═══ Dataset records ═══
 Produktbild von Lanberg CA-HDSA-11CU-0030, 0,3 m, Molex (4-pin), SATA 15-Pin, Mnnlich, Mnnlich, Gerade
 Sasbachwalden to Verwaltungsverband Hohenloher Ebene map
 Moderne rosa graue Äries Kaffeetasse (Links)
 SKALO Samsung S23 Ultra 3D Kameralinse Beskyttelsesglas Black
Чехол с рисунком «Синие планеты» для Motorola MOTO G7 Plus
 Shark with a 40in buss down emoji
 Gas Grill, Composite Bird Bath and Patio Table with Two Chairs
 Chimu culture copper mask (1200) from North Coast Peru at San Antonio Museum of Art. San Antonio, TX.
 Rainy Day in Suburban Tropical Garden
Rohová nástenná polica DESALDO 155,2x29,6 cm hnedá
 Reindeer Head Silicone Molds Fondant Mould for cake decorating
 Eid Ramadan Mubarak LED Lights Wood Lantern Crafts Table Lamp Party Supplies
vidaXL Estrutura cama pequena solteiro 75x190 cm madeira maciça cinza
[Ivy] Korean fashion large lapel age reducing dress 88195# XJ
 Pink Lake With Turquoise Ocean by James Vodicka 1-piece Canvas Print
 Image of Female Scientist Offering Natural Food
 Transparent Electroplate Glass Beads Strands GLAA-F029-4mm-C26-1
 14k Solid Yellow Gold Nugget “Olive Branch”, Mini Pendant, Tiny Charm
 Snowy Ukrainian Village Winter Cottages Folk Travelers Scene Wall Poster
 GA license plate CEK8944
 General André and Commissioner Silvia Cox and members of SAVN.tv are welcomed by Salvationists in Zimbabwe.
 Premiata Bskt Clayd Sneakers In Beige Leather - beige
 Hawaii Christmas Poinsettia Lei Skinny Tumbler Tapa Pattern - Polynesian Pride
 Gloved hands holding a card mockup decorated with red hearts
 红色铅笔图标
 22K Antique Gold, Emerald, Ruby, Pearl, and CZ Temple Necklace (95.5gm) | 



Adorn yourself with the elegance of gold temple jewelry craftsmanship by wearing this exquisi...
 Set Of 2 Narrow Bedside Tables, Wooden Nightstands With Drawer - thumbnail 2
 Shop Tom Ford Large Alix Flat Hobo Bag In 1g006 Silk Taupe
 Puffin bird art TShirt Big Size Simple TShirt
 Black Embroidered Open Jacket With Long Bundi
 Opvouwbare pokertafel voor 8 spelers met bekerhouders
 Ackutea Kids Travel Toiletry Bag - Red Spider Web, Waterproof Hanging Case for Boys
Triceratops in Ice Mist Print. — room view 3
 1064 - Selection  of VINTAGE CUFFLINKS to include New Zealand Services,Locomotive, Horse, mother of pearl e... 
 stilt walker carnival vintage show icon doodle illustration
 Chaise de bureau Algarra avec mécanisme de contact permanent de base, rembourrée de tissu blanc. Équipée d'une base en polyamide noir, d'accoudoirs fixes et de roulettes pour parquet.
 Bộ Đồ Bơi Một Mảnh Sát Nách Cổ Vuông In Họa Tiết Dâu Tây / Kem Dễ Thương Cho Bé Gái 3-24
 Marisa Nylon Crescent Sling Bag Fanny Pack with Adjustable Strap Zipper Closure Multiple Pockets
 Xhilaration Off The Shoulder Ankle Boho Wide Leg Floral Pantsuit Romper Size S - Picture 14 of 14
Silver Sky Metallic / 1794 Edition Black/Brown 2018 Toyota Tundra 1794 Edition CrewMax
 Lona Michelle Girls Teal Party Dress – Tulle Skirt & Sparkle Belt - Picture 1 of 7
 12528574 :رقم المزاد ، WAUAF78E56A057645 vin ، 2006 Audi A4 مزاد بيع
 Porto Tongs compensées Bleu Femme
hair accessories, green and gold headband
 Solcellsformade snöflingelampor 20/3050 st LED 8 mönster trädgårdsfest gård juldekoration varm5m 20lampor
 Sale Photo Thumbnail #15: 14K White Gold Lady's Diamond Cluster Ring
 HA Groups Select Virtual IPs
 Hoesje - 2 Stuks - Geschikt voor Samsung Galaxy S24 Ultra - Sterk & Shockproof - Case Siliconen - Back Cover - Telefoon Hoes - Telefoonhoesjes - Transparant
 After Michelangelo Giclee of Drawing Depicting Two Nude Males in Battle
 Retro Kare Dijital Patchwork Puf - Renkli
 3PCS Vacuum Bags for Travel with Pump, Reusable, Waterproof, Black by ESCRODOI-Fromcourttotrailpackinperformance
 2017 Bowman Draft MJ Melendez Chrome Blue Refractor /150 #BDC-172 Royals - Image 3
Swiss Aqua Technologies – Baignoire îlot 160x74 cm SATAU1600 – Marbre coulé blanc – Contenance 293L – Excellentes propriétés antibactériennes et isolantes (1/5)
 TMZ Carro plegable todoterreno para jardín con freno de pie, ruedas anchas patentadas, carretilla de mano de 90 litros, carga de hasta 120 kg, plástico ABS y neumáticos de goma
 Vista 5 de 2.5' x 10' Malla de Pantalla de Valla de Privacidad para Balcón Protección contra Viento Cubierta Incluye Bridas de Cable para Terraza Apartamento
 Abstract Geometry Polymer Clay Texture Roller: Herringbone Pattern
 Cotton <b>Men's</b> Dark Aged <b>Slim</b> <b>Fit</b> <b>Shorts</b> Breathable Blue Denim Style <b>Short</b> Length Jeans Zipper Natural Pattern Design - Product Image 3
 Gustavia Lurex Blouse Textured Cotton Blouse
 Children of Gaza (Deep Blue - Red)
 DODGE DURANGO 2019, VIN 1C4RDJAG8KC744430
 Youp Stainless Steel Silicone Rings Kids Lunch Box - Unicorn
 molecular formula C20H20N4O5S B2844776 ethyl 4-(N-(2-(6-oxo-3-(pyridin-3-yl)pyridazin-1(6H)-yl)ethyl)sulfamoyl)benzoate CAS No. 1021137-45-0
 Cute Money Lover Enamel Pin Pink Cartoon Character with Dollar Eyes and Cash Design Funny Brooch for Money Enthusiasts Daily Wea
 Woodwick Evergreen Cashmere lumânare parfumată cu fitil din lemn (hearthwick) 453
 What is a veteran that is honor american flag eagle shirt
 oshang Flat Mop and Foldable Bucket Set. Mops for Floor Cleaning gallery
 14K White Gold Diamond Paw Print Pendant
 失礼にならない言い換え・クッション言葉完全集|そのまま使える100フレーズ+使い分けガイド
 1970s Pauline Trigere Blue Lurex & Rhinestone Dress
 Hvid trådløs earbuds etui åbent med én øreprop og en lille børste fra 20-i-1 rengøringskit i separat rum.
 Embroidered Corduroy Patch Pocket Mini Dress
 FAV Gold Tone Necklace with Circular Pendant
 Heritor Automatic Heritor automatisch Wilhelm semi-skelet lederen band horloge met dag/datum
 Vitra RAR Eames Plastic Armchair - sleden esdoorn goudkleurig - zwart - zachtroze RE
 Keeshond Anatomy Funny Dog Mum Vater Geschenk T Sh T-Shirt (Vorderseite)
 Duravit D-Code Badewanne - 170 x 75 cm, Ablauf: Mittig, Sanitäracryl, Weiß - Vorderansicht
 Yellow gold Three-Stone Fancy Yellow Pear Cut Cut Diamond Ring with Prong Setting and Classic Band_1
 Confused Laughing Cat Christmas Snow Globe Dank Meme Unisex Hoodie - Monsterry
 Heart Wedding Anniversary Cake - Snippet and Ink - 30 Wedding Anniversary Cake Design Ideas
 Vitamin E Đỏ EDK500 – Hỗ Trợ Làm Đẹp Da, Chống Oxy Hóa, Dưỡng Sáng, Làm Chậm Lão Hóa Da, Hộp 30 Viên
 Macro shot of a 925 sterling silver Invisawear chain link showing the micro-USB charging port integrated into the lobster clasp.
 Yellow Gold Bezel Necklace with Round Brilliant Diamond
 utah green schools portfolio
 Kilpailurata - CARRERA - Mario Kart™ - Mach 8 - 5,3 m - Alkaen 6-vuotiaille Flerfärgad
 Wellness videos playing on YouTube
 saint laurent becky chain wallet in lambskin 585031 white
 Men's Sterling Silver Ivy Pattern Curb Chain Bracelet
═══
In the listing above, find the line containing "Set Of 2 Narrow" and the line containing "3PCS Vacuum Bags", then repeat those two lines and everything between them exactly.

 Set Of 2 Narrow Bedside Tables, Wooden Nightstands With Drawer - thumbnail 2
 Shop Tom Ford Large Alix Flat Hobo Bag In 1g006 Silk Taupe
 Puffin bird art TShirt Big Size Simple TShirt
 Black Embroidered Open Jacket With Long Bundi
 Opvouwbare pokertafel voor 8 spelers met bekerhouders
 Ackutea Kids Travel Toiletry Bag - Red Spider Web, Waterproof Hanging Case for Boys
Triceratops in Ice Mist Print. — room view 3
 1064 - Selection  of VINTAGE CUFFLINKS to include New Zealand Services,Locomotive, Horse, mother of pearl e... 
 stilt walker carnival vintage show icon doodle illustration
 Chaise de bureau Algarra avec mécanisme de contact permanent de base, rembourrée de tissu blanc. Équipée d'une base en polyamide noir, d'accoudoirs fixes et de roulettes pour parquet.
 Bộ Đồ Bơi Một Mảnh Sát Nách Cổ Vuông In Họa Tiết Dâu Tây / Kem Dễ Thương Cho Bé Gái 3-24
 Marisa Nylon Crescent Sling Bag Fanny Pack with Adjustable Strap Zipper Closure Multiple Pockets
 Xhilaration Off The Shoulder Ankle Boho Wide Leg Floral Pantsuit Romper Size S - Picture 14 of 14
Silver Sky Metallic / 1794 Edition Black/Brown 2018 Toyota Tundra 1794 Edition CrewMax
 Lona Michelle Girls Teal Party Dress – Tulle Skirt & Sparkle Belt - Picture 1 of 7
 12528574 :رقم المزاد ، WAUAF78E56A057645 vin ، 2006 Audi A4 مزاد بيع
 Porto Tongs compensées Bleu Femme
hair accessories, green and gold headband
 Solcellsformade snöflingelampor 20/3050 st LED 8 mönster trädgårdsfest gård juldekoration varm5m 20lampor
 Sale Photo Thumbnail #15: 14K White Gold Lady's Diamond Cluster Ring
 HA Groups Select Virtual IPs
 Hoesje - 2 Stuks - Geschikt voor Samsung Galaxy S24 Ultra - Sterk & Shockproof - Case Siliconen - Back Cover - Telefoon Hoes - Telefoonhoesjes - Transparant
 After Michelangelo Giclee of Drawing Depicting Two Nude Males in Battle
 Retro Kare Dijital Patchwork Puf - Renkli
 3PCS Vacuum Bags for Travel with Pump, Reusable, Waterproof, Black by ESCRODOI-Fromcourttotrailpackinperformance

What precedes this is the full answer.